Currently any ctx_sched_in() call will re-start the ctx time tracking,
this means that calls like:

	ctx_sched_in(.event_type = EVENT_PINNED);
	ctx_sched_in(.event_type = EVENT_FLEXIBLE);

will have a hole in their ctx time tracking. This is likely harmless
but can confuse things a little. By adding EVENT_TIME, we can have the
first ctx_sched_in() (is_active: 0 -> !0) start the time and any
further ctx_sched_in() will leave the timestamps alone.

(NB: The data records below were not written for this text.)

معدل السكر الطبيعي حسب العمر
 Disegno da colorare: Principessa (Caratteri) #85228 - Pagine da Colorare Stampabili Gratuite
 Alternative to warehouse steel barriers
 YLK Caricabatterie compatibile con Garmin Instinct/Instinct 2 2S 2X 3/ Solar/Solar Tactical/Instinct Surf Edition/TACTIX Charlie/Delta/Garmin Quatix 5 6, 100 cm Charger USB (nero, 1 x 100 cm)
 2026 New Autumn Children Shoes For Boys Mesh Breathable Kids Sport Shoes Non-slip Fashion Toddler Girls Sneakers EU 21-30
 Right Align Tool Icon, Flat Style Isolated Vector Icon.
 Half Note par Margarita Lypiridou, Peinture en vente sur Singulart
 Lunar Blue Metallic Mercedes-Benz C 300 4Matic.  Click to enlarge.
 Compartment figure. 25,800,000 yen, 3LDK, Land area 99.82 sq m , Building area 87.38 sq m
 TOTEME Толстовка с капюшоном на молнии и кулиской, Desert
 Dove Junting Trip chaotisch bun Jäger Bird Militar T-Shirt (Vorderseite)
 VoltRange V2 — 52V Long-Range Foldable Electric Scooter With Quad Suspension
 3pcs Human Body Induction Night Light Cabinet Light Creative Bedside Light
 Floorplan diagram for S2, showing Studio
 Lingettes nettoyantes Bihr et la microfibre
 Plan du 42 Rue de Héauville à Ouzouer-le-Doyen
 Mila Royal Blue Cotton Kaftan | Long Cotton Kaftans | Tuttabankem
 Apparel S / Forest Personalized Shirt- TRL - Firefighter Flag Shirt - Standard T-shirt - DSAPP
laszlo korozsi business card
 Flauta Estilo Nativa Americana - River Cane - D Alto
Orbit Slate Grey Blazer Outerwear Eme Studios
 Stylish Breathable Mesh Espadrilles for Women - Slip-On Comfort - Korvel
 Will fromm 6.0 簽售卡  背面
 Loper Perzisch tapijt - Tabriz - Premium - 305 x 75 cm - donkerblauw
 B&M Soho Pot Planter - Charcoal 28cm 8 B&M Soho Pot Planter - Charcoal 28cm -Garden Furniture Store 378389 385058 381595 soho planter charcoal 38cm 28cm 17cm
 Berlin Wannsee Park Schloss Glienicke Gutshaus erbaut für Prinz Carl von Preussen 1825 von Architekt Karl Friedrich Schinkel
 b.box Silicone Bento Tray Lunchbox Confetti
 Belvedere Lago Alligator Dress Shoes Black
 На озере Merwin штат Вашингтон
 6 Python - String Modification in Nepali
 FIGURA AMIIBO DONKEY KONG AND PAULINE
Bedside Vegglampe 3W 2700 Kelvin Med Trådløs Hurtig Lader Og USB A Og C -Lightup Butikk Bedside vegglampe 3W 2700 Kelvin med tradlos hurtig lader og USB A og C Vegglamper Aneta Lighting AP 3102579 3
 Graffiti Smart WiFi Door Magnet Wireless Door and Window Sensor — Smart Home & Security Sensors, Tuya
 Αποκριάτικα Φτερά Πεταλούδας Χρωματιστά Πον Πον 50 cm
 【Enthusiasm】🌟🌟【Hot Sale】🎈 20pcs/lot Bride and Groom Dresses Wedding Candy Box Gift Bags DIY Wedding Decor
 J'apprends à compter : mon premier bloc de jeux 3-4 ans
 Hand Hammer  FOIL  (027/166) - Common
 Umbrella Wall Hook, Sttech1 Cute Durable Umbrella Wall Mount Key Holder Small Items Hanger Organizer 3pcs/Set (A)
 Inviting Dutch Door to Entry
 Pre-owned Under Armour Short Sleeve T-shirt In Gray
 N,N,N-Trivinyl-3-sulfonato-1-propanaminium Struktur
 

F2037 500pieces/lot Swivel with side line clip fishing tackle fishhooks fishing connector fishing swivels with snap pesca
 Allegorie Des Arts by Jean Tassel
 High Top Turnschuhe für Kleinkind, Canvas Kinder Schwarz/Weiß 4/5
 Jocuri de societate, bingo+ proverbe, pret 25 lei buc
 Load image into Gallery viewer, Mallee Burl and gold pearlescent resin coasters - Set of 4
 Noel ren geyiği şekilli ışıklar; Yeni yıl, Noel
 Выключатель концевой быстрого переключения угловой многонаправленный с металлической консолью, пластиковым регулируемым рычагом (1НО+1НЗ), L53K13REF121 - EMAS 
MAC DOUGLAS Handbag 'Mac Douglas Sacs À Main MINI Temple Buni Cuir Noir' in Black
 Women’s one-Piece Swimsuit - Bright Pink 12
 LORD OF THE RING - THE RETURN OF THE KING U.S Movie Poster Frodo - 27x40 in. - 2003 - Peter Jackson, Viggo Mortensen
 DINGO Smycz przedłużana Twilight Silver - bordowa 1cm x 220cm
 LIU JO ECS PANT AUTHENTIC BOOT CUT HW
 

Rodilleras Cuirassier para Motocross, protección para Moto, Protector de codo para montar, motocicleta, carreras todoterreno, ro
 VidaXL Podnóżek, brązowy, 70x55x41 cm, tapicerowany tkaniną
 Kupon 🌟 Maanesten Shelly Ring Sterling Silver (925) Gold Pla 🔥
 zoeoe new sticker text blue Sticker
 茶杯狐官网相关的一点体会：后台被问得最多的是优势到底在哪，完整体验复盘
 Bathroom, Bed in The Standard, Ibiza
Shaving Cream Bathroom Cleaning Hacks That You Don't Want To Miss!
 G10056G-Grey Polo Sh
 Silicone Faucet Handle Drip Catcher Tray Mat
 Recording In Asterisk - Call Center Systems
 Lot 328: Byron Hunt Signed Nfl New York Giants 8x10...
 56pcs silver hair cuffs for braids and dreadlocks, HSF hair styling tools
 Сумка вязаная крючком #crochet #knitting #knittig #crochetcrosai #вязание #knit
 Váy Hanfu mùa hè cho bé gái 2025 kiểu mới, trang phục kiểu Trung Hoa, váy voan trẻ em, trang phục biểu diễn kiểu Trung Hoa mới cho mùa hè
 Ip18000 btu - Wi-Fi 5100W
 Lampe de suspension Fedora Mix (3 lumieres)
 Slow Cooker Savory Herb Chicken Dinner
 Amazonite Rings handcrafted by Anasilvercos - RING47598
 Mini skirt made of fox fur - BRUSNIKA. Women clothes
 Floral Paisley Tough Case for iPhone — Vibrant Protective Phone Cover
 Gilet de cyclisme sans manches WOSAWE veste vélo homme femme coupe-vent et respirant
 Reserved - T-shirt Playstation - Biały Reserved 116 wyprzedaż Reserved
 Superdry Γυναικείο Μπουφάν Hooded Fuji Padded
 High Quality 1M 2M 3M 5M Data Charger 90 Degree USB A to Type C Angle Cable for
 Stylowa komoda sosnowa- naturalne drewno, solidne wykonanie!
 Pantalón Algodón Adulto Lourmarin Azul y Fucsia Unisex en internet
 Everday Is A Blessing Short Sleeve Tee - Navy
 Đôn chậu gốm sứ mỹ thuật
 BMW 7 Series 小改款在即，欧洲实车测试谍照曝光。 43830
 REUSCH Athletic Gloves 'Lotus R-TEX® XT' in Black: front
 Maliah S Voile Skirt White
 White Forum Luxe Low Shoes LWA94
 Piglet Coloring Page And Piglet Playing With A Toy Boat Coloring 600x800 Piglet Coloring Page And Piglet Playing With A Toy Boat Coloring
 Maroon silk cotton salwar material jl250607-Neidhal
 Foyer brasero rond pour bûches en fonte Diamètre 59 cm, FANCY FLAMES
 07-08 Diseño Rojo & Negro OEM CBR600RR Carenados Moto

Secondly, this allows for an early disable like:

	ctx_sched_out(.event_type = EVENT_TIME);

which would update the ctx time (if the ctx is active) and any further
calls to ctx_sched_out() would not further modify the ctx time.

For ctx_sched_in() any 0 -> !0 transition will automatically include
EVENT_TIME.

For ctx_sched_out(), any transition that clears EVENT_ALL will
automatically clear EVENT_TIME.

These two rules ensure that under normal circumstances we need not
bother with EVENT_TIME and get natural ctx time behaviour.

Signed-off-by: Peter Zijlstra (Intel) <peterz@infradead.org>
---
 kernel/events/core.c |   42 ++++++++++++++++++++++++++++++------------
 1 file changed, 30 insertions(+), 12 deletions(-)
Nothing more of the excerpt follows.